Jack London. The Apostate (in English, in the original)

Jack London. The Apostate (part 4)

The boy alongside of Johnny whimpered and sniffed. The boy’s face was convulsed with hatred for the overseer who kept a threatening eye on him from a distance; but every bobbin was running full. The boy yelled terrible oaths into the whirling bobbins before him; but the sound did not carry half a dozen feet, the roaring of the room holding it in and containing it like a wall.

Of all this Johnny took no notice. He had a way of accepting things. Besides, things grow monotonous by repetition, and this particular happening he had witnessed many times. It seemed to him as useless to oppose the overseer as to defy the will of a machine. Machines were made to go in certain ways and to perform certain tasks. It was the same with the overseer.

But at eleven o’clock there was excitement in the room. In an apparently occult way the excitement instantly permeated everywhere. The one-legged boy who worked on the other side of Johnny bobbed swiftly across the floor to a bin truck that stood empty. Into this he dived out of sight, crutch and all. The superintendent of the mill was coming along, accompanied by a young man. He was well dressed and wore a starched shirt — a gentleman, in Johnny’s classification of men, and also, «the Inspector.»

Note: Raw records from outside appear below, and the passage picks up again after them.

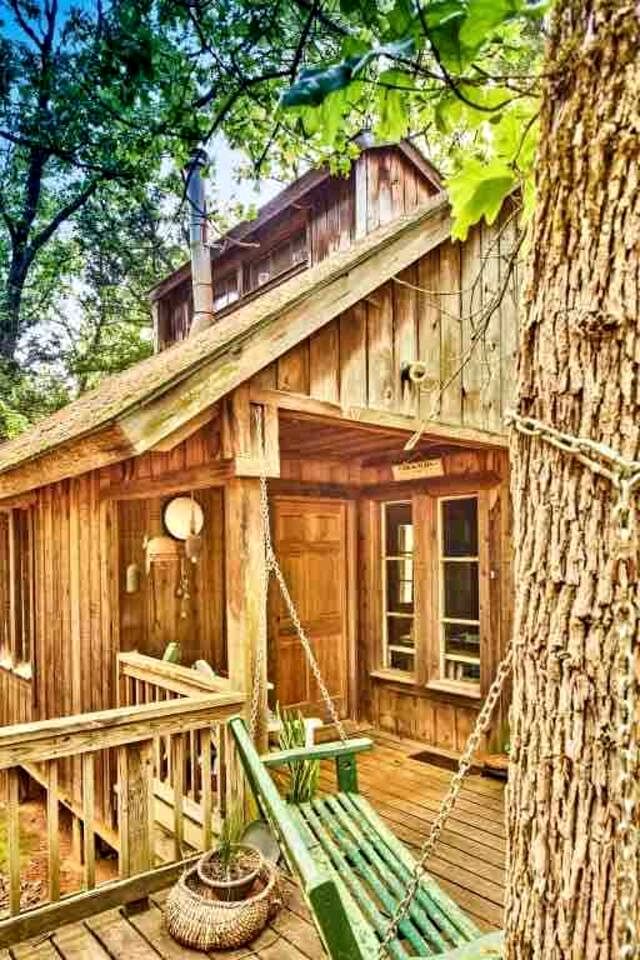 Cozy and Comfortable Kid-Friendly Cabin Rental for a Memorable Family Getaway Nestled in the Serene Forest in Ben Wheeler, Texas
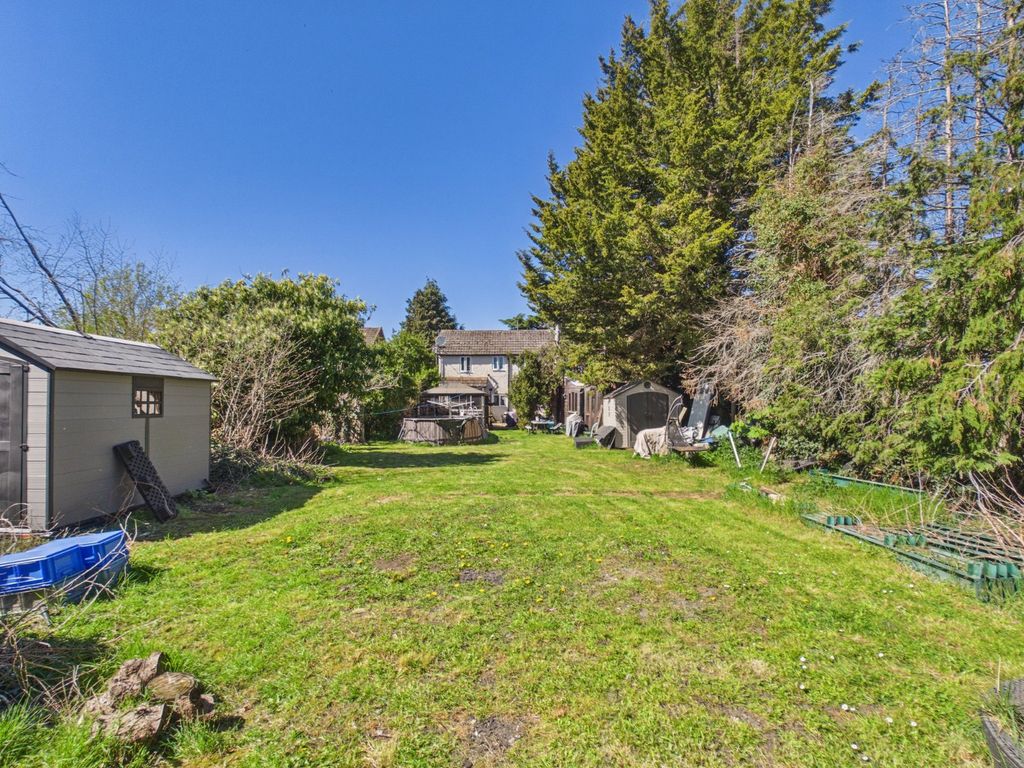 Additional image 10 of 3 bed detached house for saleClockhouse Lane, Ashford, Surrey TW15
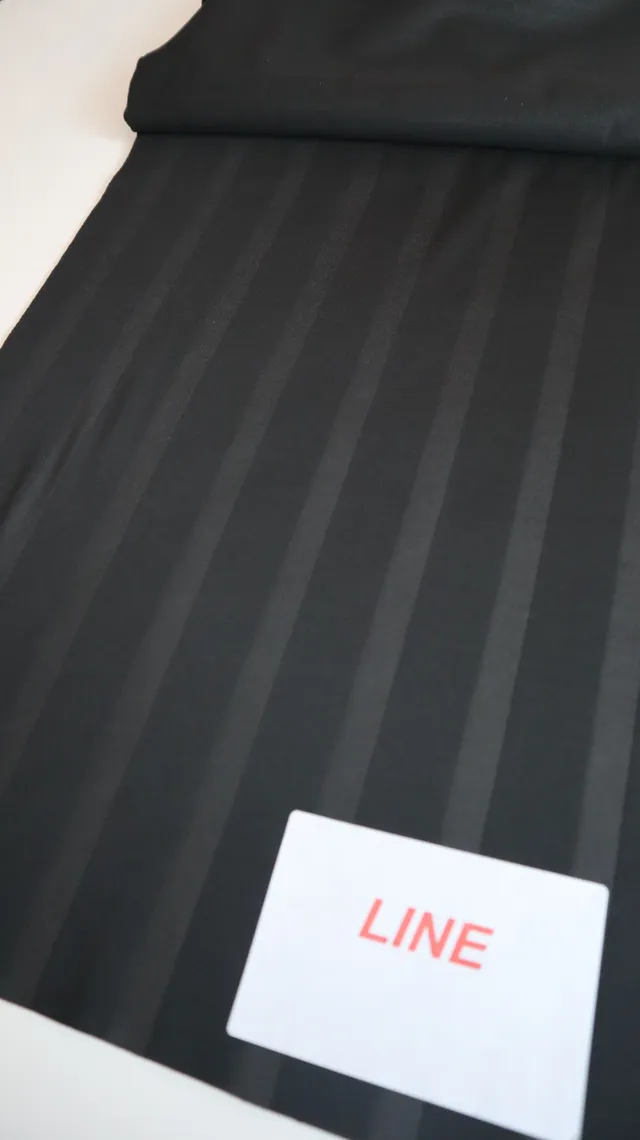 Frequency print on performance sportswear fabric, tonal pattern knitted into the surface — 11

He looked sharply at the boys as he passed along. Sometimes he stopped and asked questions. When he did so, he was compelled to shout at the top of his lungs, at which moments his face was ludicrously contorted with the strain of making himself heard. His quick eye noted the empty machine alongside of Johnny’s, but he said nothing. Johnny also caught his eye, and he stopped abruptly. He caught Johnny by the arm to draw him back a step from the machine; but with an exclamation of surprise he released the arm.

«Pretty skinny,» the superintendent laughed anxiously.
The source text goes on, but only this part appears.